King Malcolm II
King Malcolm was for some time the most powerful man in the country. King Owen of the Britons of Strathclyde had died without issue, and Malcolm’s grandson, Duncan, was the rightful heir through marriage. The Four Kingdoms of Alba were finally united under one throne - and under Malcolm.
King Duncan I
Duncan was related to previous rulers through his mother Bethoc, daughter of Malcolm II. He became King in 1034. Defeated by the native English at Durham in 1040, he was a weak character and a poor leader. At a place called Bothganowan meaning "Blacksmith's Hut" in old Gaelic, (or Bothgofnane, Bothgofuane, or Bothgowan, today Pitgaveny near Elgin), his cousin, chief of the northern Scots defeated and killed Duncan, and took the kingship for himself.
The Mormaer of Moray, MacBeth (Mac Bethad mac Findláich,) claimed the throne on his own behalf and that of his wife Grauch, and formed an alliance with his cousin the Earl of Orkney. Respected for his strong leadership qualities, MacBeth was a wise king who ruled successfully for 17 years from a fortified castle at Dunsinane north of Perth. His rule was secure enough for him to go on a pilgrimage to Rome in 1050.

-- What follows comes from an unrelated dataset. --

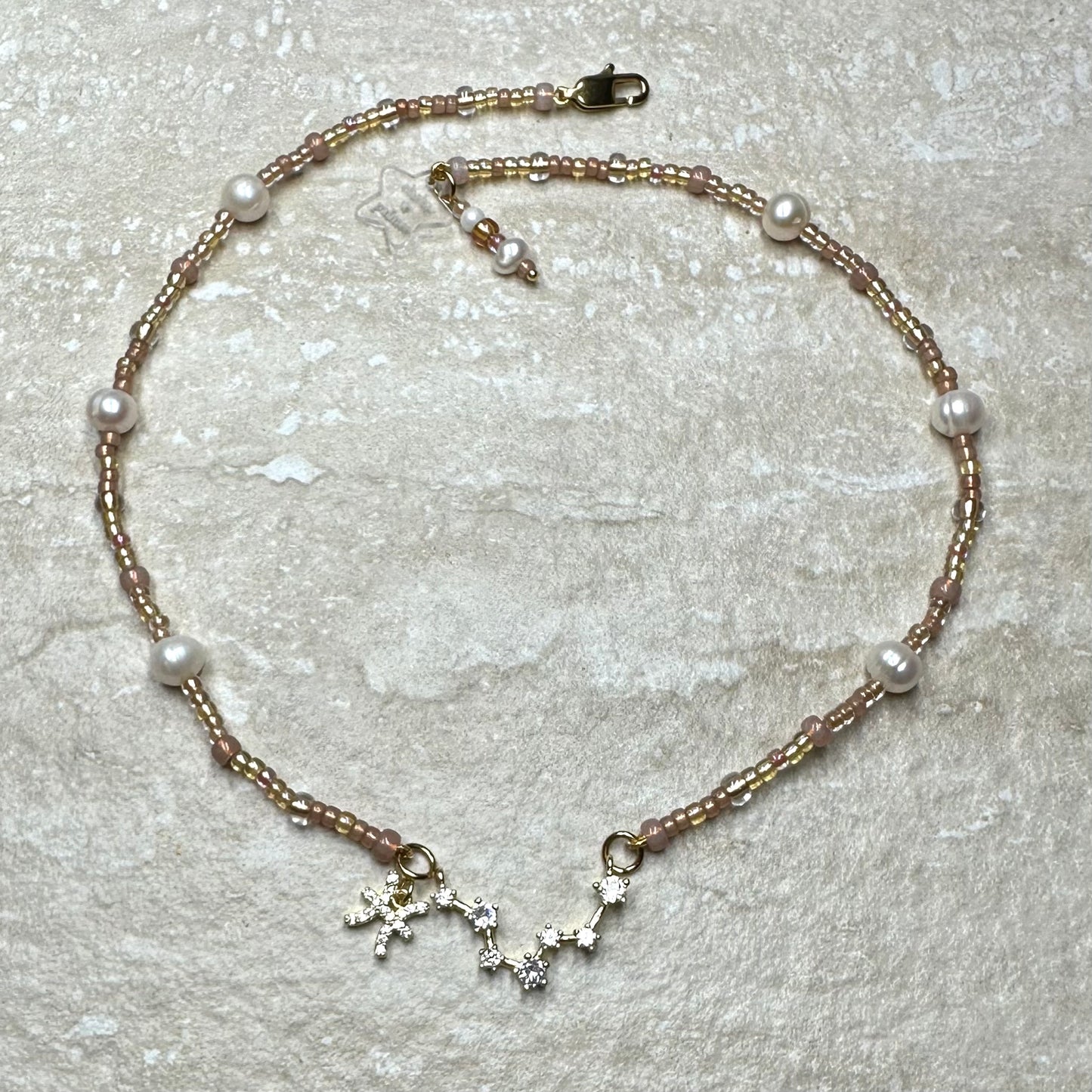 Zodiac Constellation Rosy Glow Pearl Necklace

Duncan’s son Malcolm had fled to Northumbria after the defeat of his father and had never given up his claim to the throne. In 1054 with the support of Earl Siward, he led an army against MacBeth, and defeated him at the battle of Dunsinnan. MacBeth remained king, and restored Malcolm’s lands to him, but in 1057 at Lumphanan in Aberdeenshire on 15th August, Malcolm finally killed MacBeth and took the crown. He also married MacBeth’s widow.